Um segundo estudo encontrou que o tratamento clínico da colecistite estava associado a 27,6% de complicações materno-fetal, enquanto a colecistectomia 8%, com p < 0,001.
Pergunta: Se uma paciente grávida apresentar hipersensibilidade ou hérnia encarcerada durante a gravidez, deve-se realizar o reparo primário com ou sem tela?
Recomendação: Paciente grávida com internação por hérnia umbilical ou ventral primária deve ser tratada da mesma forma que uma paciente não grávida.
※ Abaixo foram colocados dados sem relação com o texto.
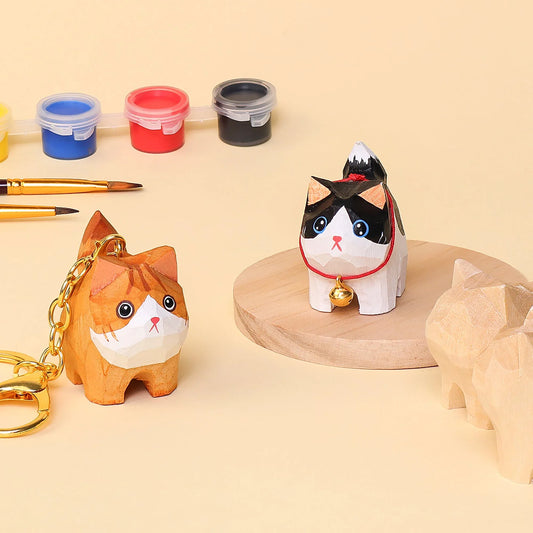 Hand-Carved Cat Painting Kit – Paint Two Cats, Create a Keychain - BIG FRENCHIES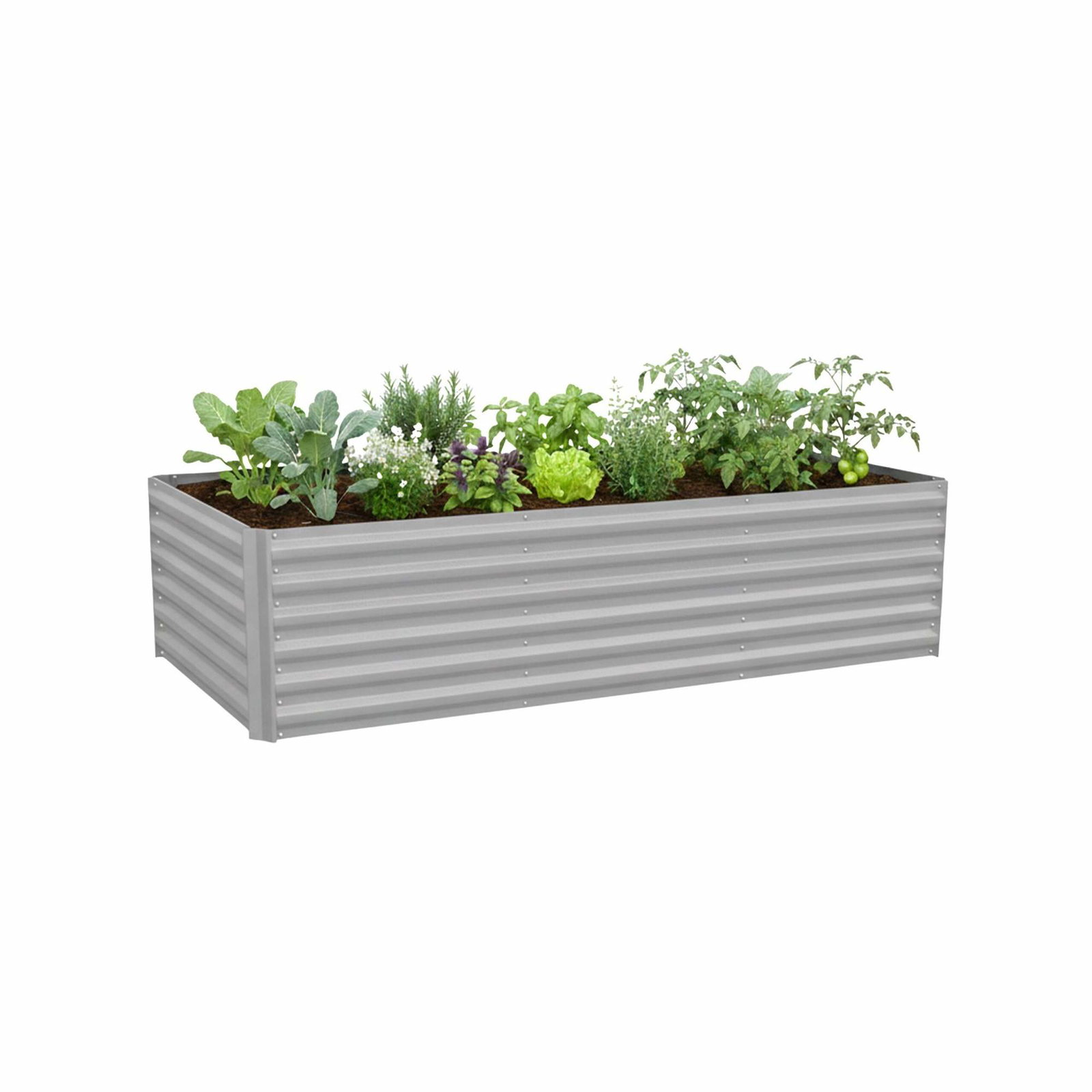 Højbed i metal, 57x240x90cm – galvaniseret stål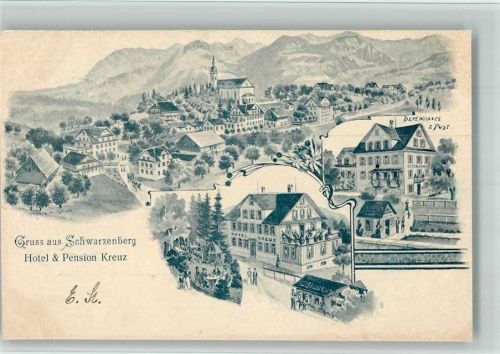 Schwarzenberg 1901 BOAKC Lithographie Hotel Pension Kreuz Dependance Post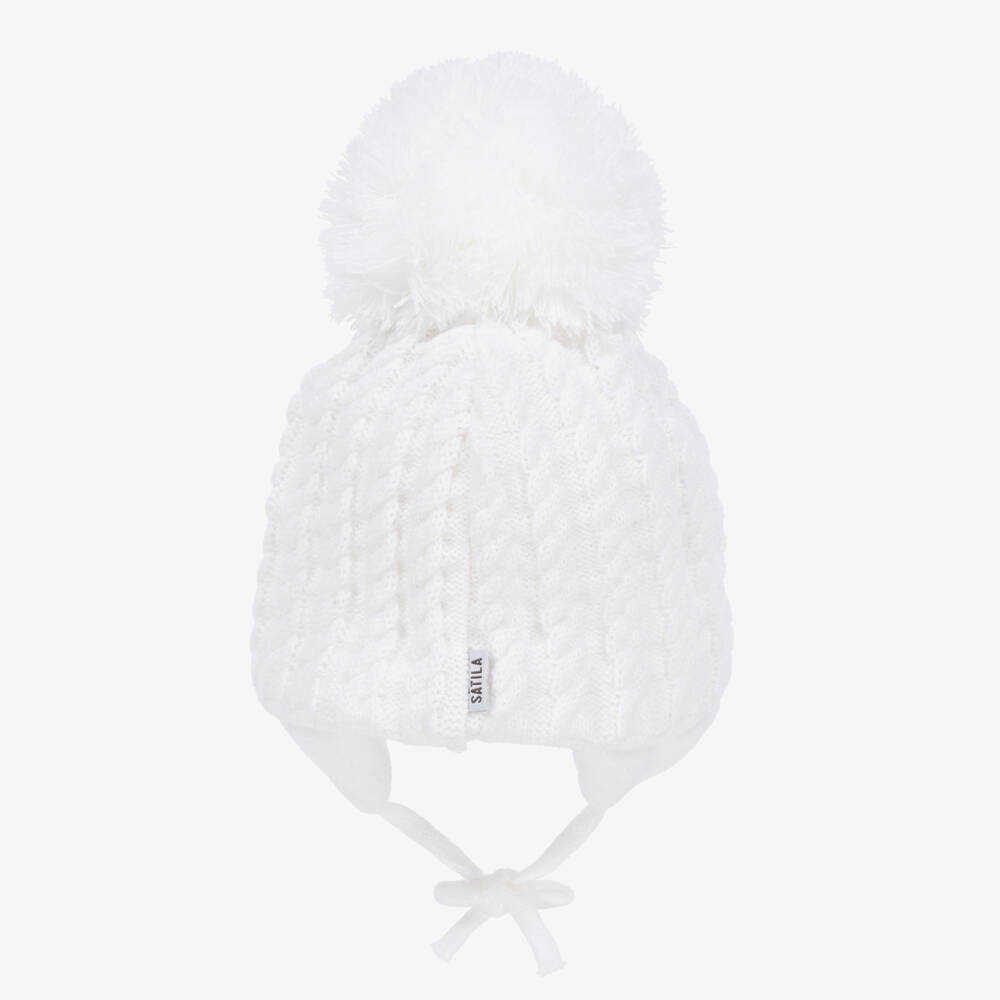 Sätila of Sweden-White Laura Knitted Giant Pom-Pom Beanie | Childrensalon Outlet
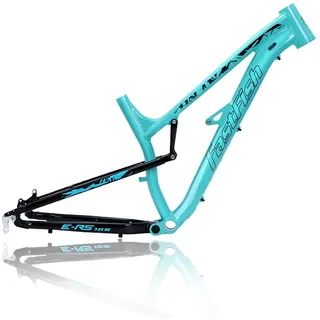 HZXQCVB 27,5er Softtail DH/XC/AM/Mountainbike-Rahmen Aluminiumlegierung 17'' Vollgefederter Fahrradrahmen Scheibenbremse Schnellspanner 135mm BSA68MM(Blue)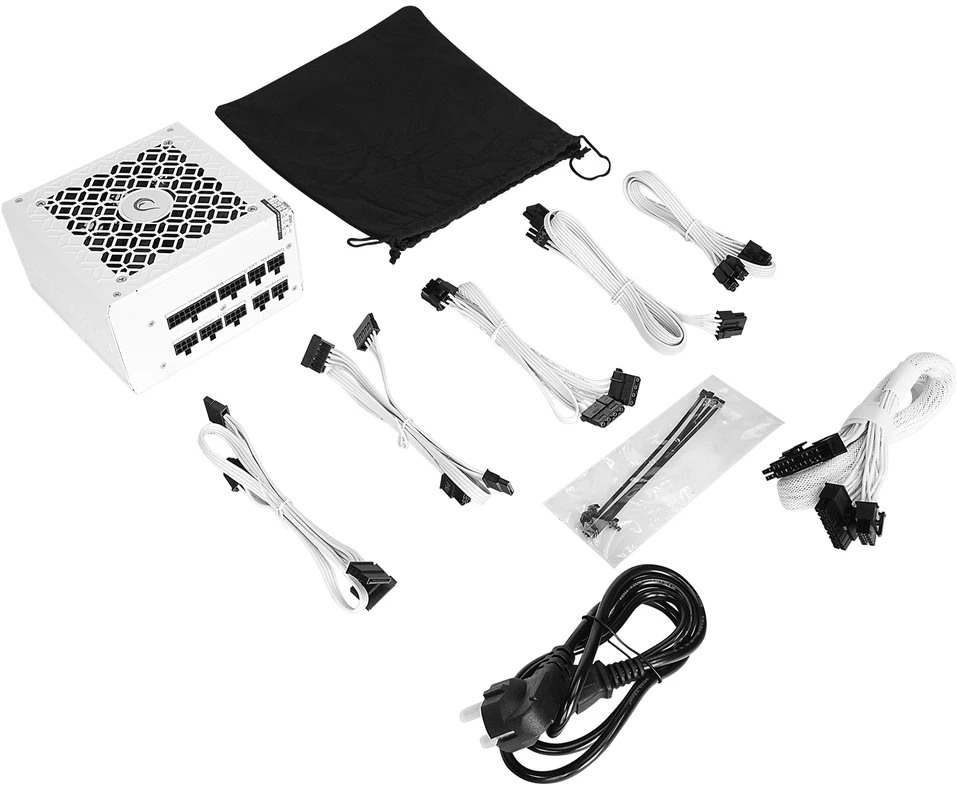 Modulinis maitinimo šaltinis Rampage Mate M750-80PB 750W 12cm Fan. 80 Plus Bronze. Active PFC. Full Modular. Baltas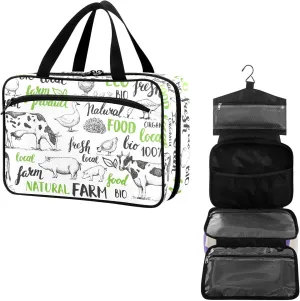 Travel Toiletry Bag for Woman/Men,Farm Animal Cow Pig Duck Farmhouse Hanging Organizer Bag with Pockets Portable Folding Travel Case Bags for Makeup Cosmetic Toiletries Storage Traveling-M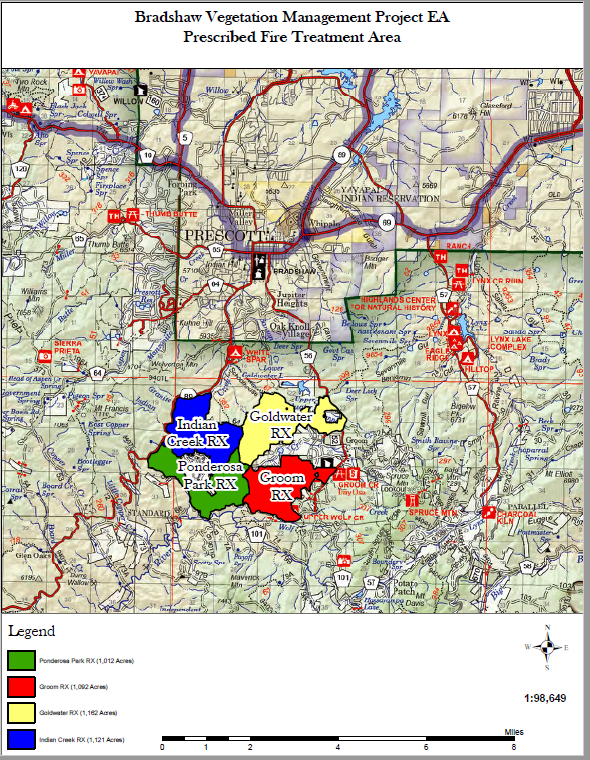 A map of the Bradshaw Prescribed Fire September 22 2023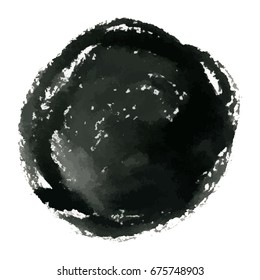 Hand drawn grunge circle ink watercolor banner frame vector illustration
Se o reparo cirúrgico for indicado, o reparo com sutura aberta é uma boa escolha.
- Nível de Evidência: III
- Grau de recomendação: B
- (63% concordam fortemente — 18% concordam)
Existe uma escassa literatura a respeito do tema, de como tratar hérnia encarcerada dolorosa durante a gestação. Felizmente o número de encarceramentos é baixo durante esse período, e uma meta-análise europeia encontrou apenas 71 casos de tratamento operatório de gestantes com hérnia encarcerada/estrangulada. Assim o tratamento de pacientes grávidas quanto a indicação de urgência e pelo tipo de reparo torna-se semelhante a paciente não grávida. O uso da laparoscopia pode ser utilizado a depender de cada caso e da experiência do centro.
Para levar para casa
Emergências cirúrgicas nas grávidas são sempre dramáticas pois podem envolver consequências para um futuro filho. No entanto elas ocorrem e devem ser diagnosticadas e tratadas à semelhança da não grávida. Retardar um tratamento indispensável é a pior opção para o feto.